Ninguém gosta de falar
sobre a morte, talvez porque ninguém realmente entenda ou saiba o suficiente
para dar alguma opinião convincente que tranquilize o nosso próprio ego,
contrariando a expectativa de que essa vida um dia pode acabar. Outra coisa
perturbante quando se tenta falar sobre morte é a sensação de que existe ou
deveria existir um momento certo para a despedida. No entanto, assim como a
vida, a morte é totalmente imprevisível e nem sempre pode ser explicada de
forma racional ou progressiva como se houvesse um motivo que justifique seu
acontecimento.
De fato, a única certeza
é que lentamente ou não, caminhamos para o fim de nós mesmos.

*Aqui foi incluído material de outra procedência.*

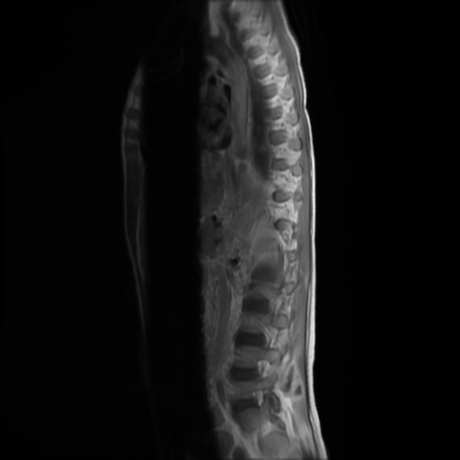 File:Cerebral and spinal tuberculosis (Radiopaedia 90489-107912 Sagittal T1 C+ 2).jpg
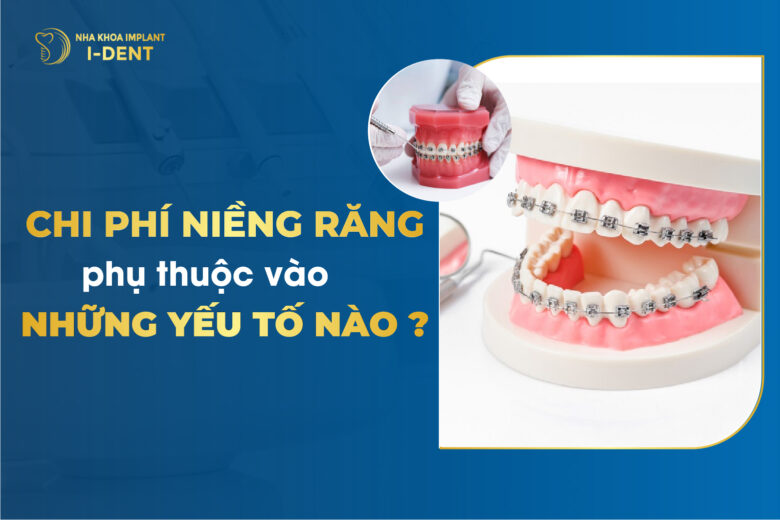 [Tháng 3/2026] Niềng Răng Giá Bao Nhiêu? Chi Phí Mới Nhất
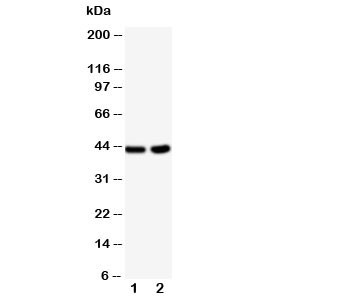 Anti-BCAT1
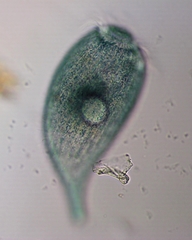 Stentor multiformis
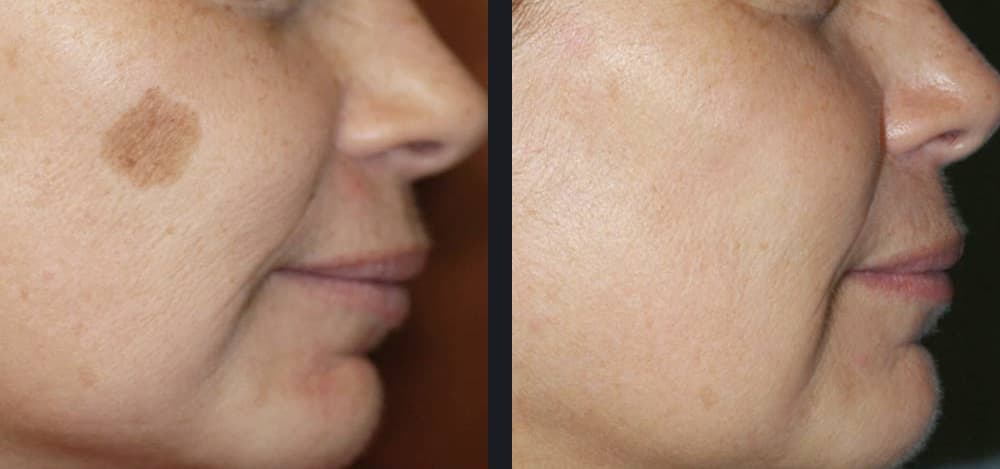 Le secret de grand-mère anti-âge : une crème visage maison au bicarbonate de soude pour un teint unifié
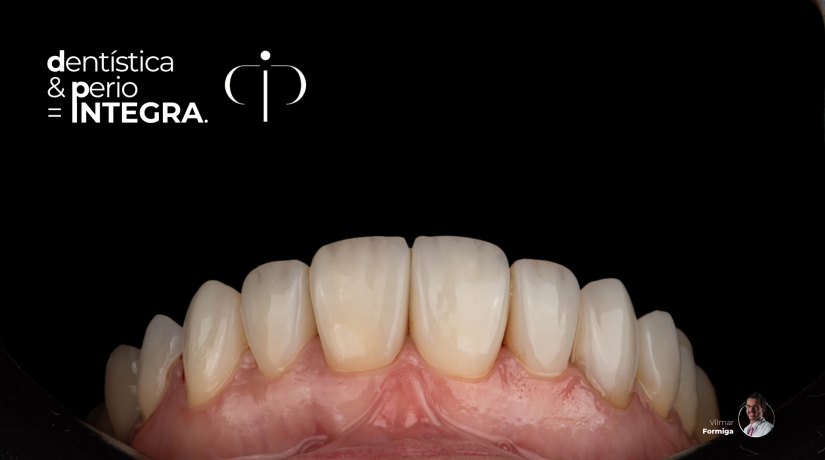 Aperfeiçoamento Integra - Dentística & Periodontia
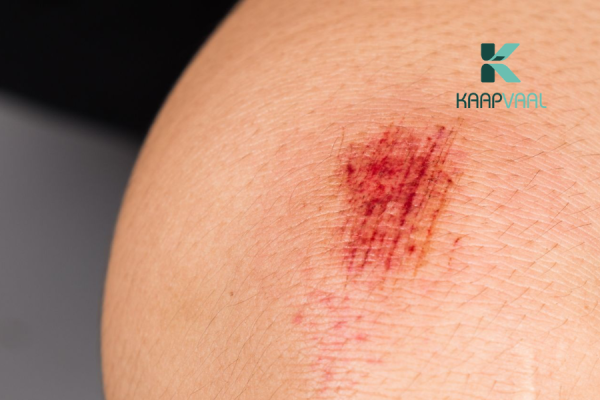 Vết thương bị đỏ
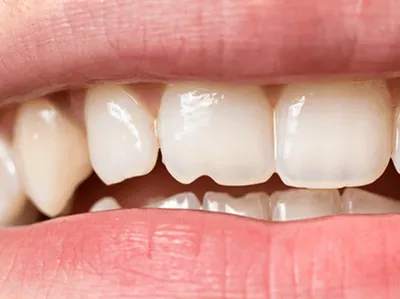 Статья о стоматологии: Лечение молочных зубов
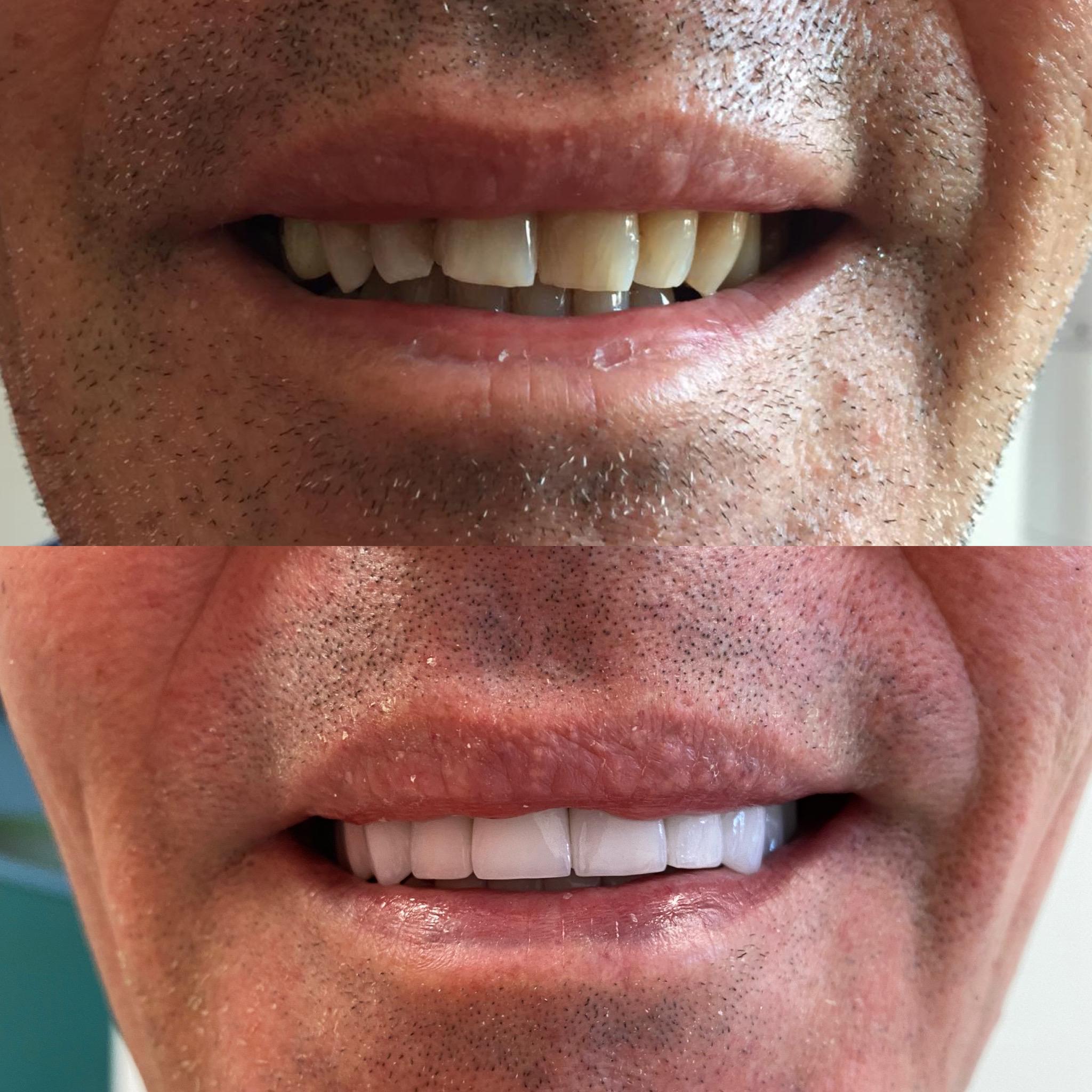 Avant / après : Hollywood smile avec facettes naturelles
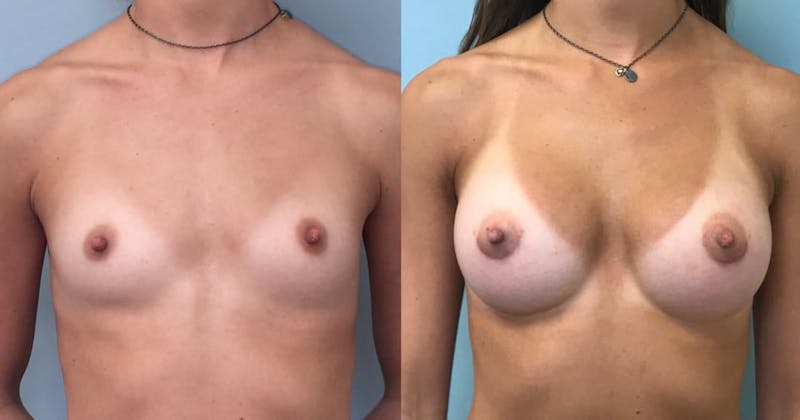 Breast Augmentation Before & After Gallery - Patient 425050 - Image 1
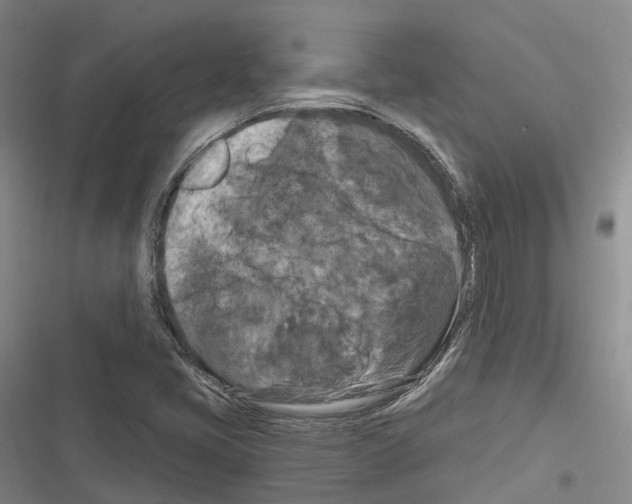 X0000116281405201001111025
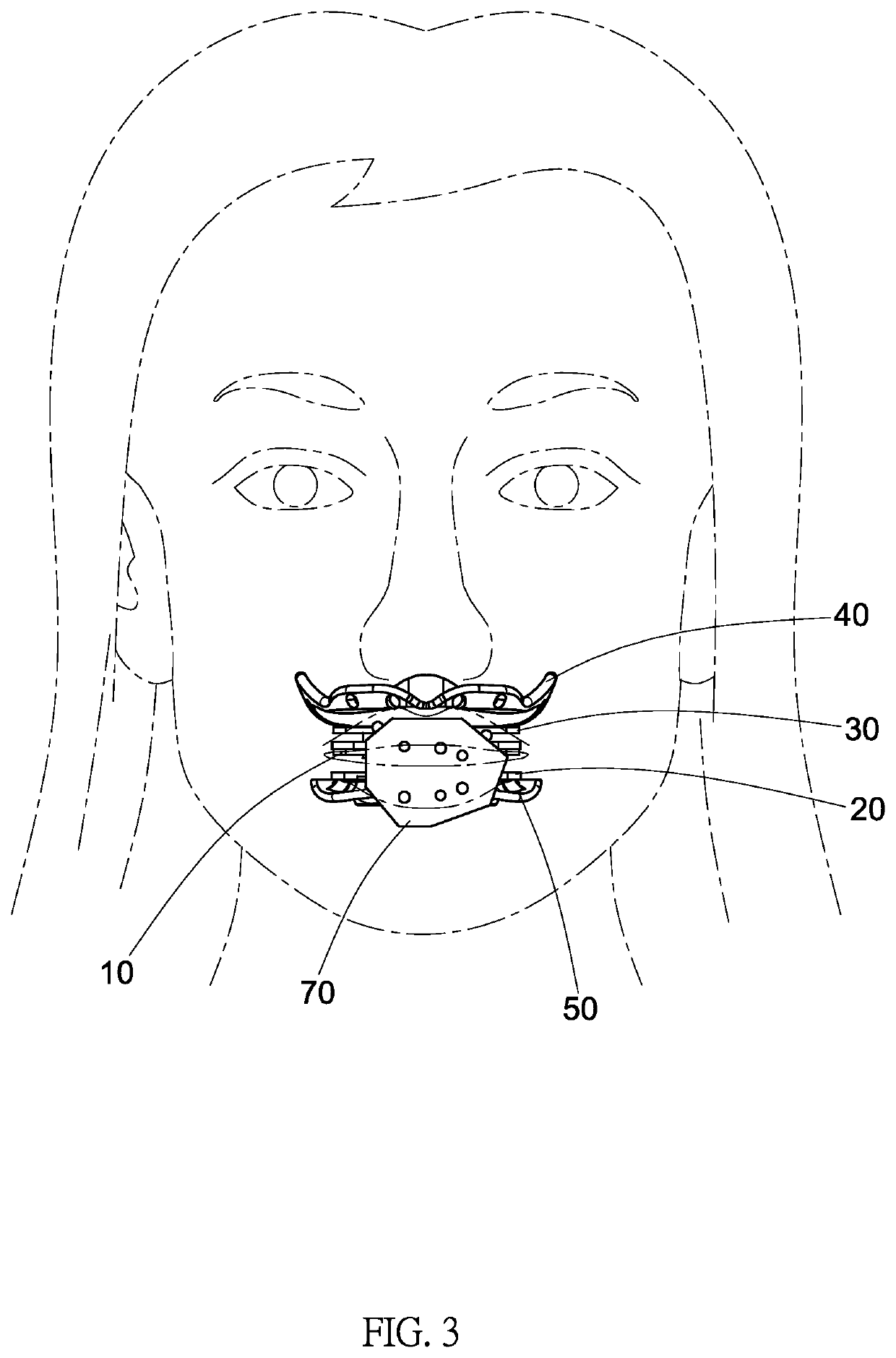 Fully edentulous jaw 3D facial universal temporal relationship recording device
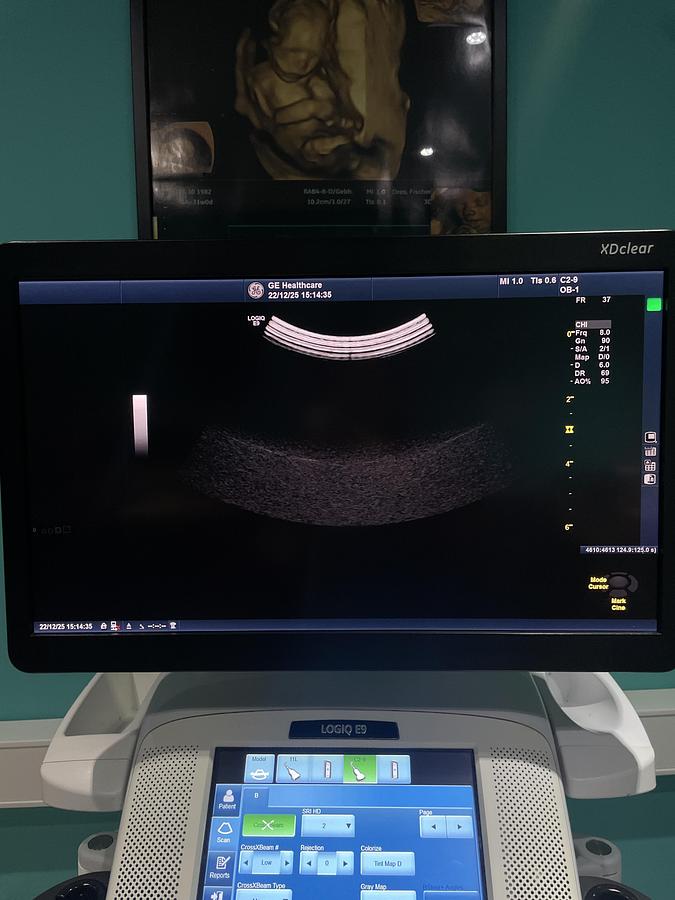 Gebraucht GE C2-9-D Konvex Ultraschallsonde 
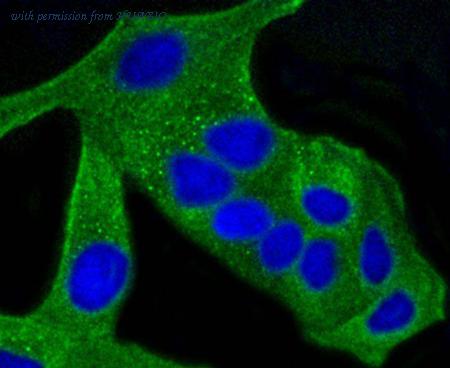 HUABIO ET1601-26 image 3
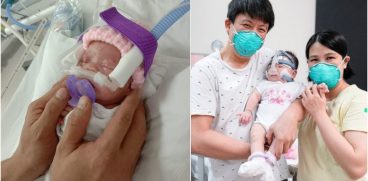 Cel mai mic bebeluș din lume s-a născut cu greutatea unui măr. Fetița a fost externată după 13 luni de spitalizare | Demamici.ro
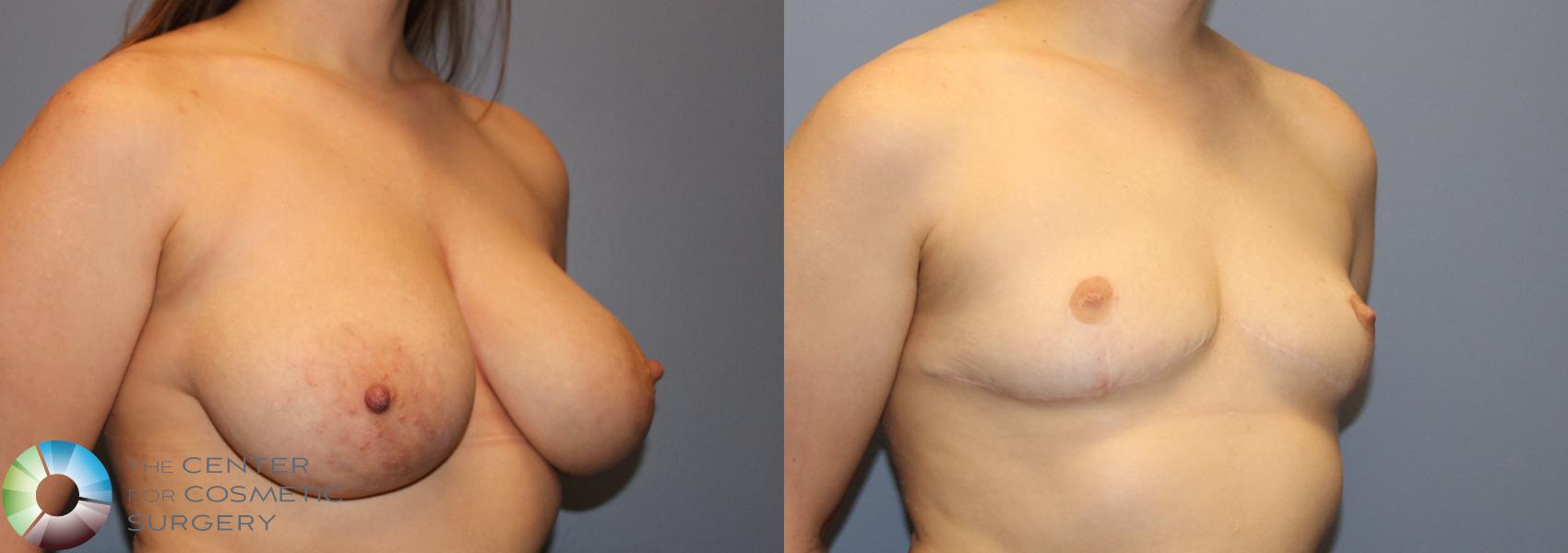 Before & After FTM Top Surgery/Chest Masculinization Case 12042 Right Oblique in Denver and Colorado Springs, CO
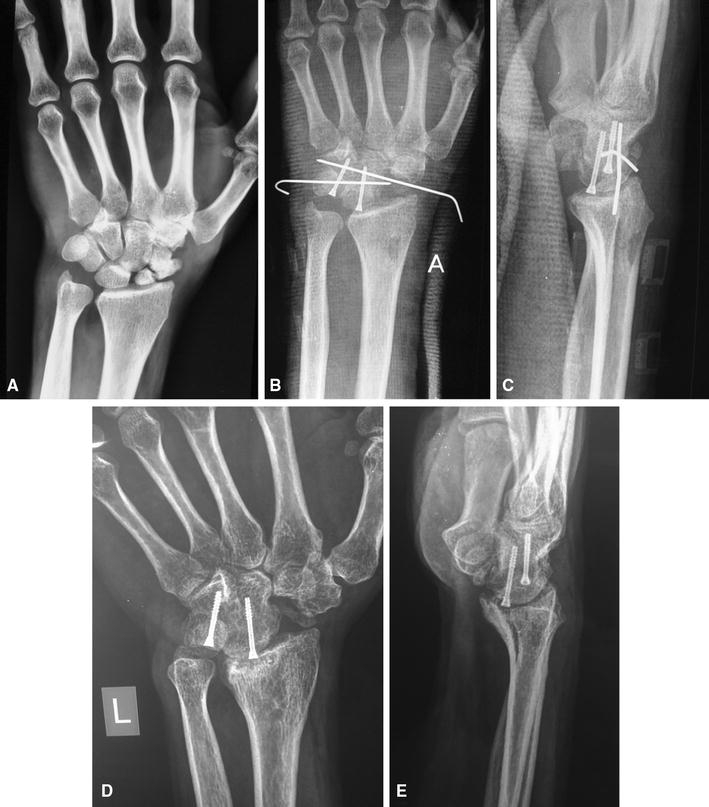 Fourcorner fusion of the wrist clinical and radiographic of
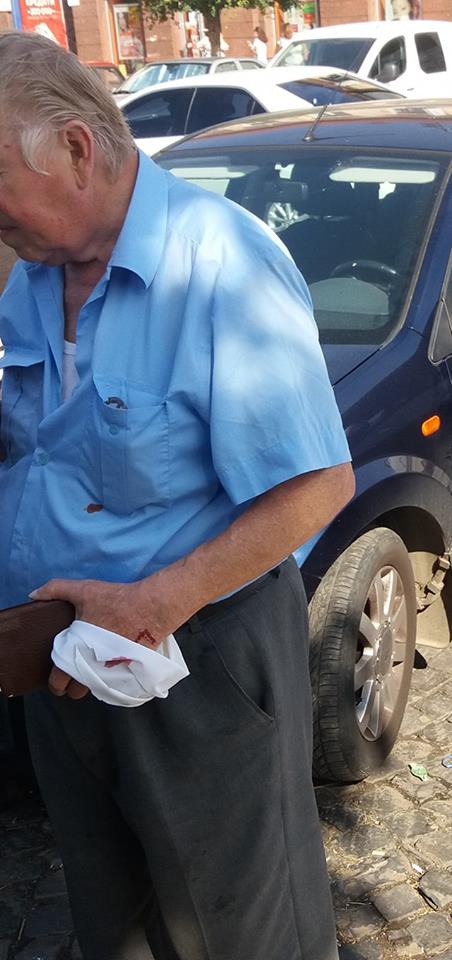 9 липня близько 10:00 біля ринку на Корятовича в Ужгороді п'ятеро дітей агресивно вирвали гаманець у літнього чоловіка. 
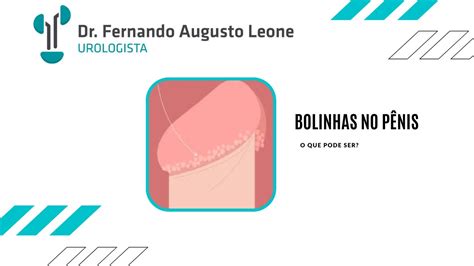 O Que S O Essas Bolinhas No Penis Dr Fernando Leone Urologista Bh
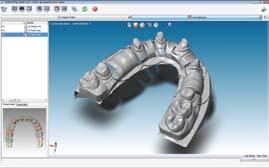 designing simple copings using the multi-die batch mode in about 1 min 15 sec - Scanning and designing full contour crown, using the axis finder in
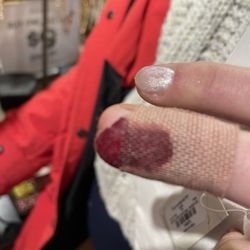 Luxury Nails - Bleeding finger after manicurist cut it with cuticle tool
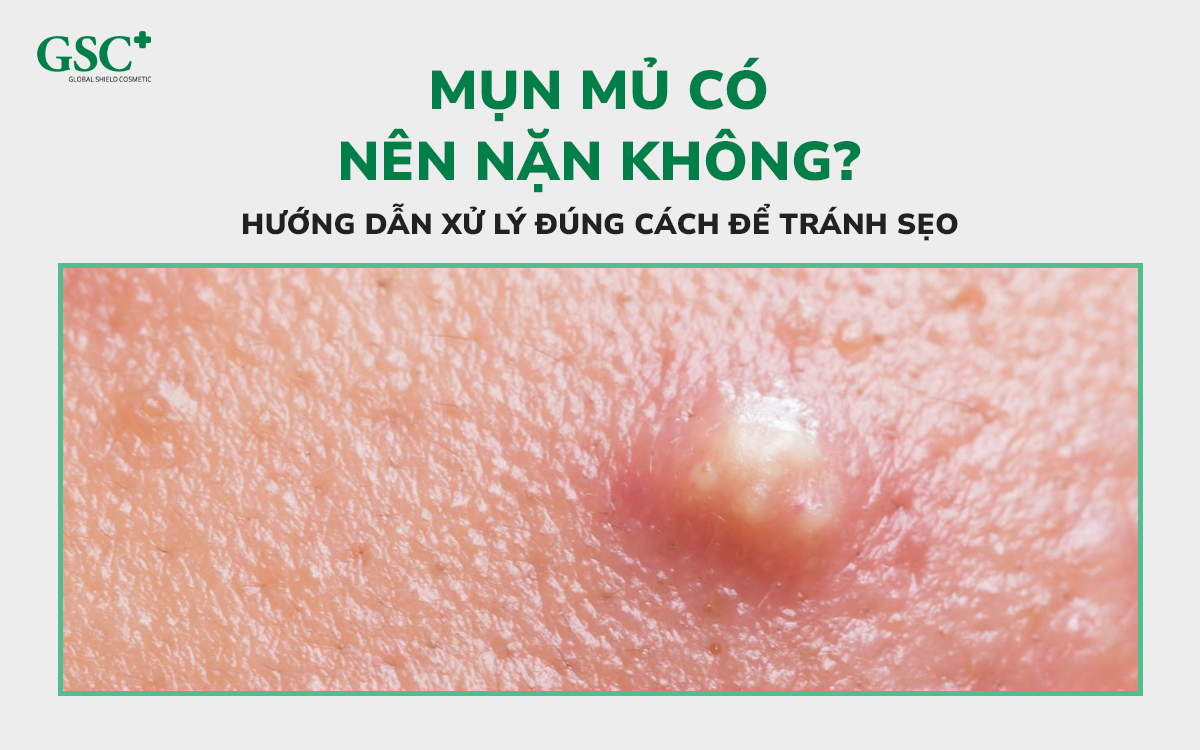 Mụn mủ có nên nặn không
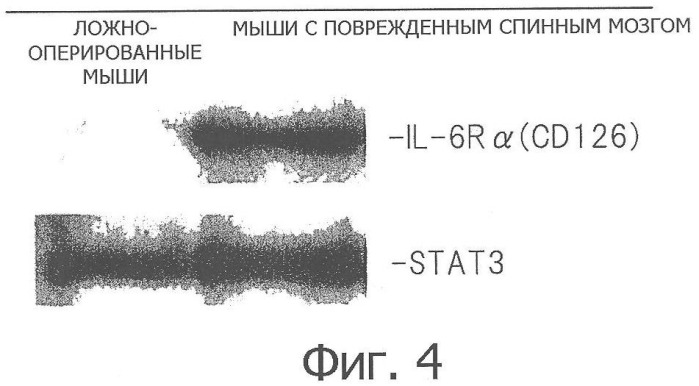 Терапевтическое средство при повреждении спинного мозга, включающее антагонист интерлейкина-6 (патент 2358761)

Desde o nascimento
já sabemos o que nos aguarda e a morte não deveria ser ritualizada da forma
negativa como geralmente se tem feito. A origem e o fim de uma vida fazem parte
do mesmo processo, compõem a mesma dinâmica, são faces opostas de uma mesma
moeda, completam o ciclo da vida e da experiência nesse mundo. Saber que essa
vida não é eterna nos obriga a aceitar que não adianta acumular bens materiais
ou achar que alguém é capaz de superar o efeito do tempo ou das circunstâncias sobre nossos corpos,
tudo tem seu tempo.
Incomoda o recorrente esoterismo quando se trata da morte. Existem tantas histórias
bonitas de nascimentos, mas nunca se ouve falar sobre histórias de uma bela e
abençoada morte. A morte é sempre recebida com sentimentos de confusão,
rebeldia, angústia e por uma enorme sensação de impotência. Poucas pessoas
conseguem aceitar a morte por um viés bom, perceber que nem só a sobrevivência
e a sua continuidade fazem parte da vida. Cada dia de vida deve ser vivido
sabendo que caminhamos para a morte – que a qualquer momento – por motivos fúteis
ou não estaremos partindo.
O desespero, a impotência
e a comoção generalizada por causa da morte só alcançam quem sabe que não viveu
da melhor forma, que deixou de aproveitar bons momentos com outras pessoas
porque estava mais dedicado/a a materialidade dessa vida do que a temporalidade
da existência. Se alguém está vivo, esse alguém está caminhando para a morte e
não muito diferente do nascimento, esse momento deveria ser recebido
com o mesmo sentimento de êxtase e realização. Só morre bem quem vive sabendo
que vai morrer e não tem medo de viver.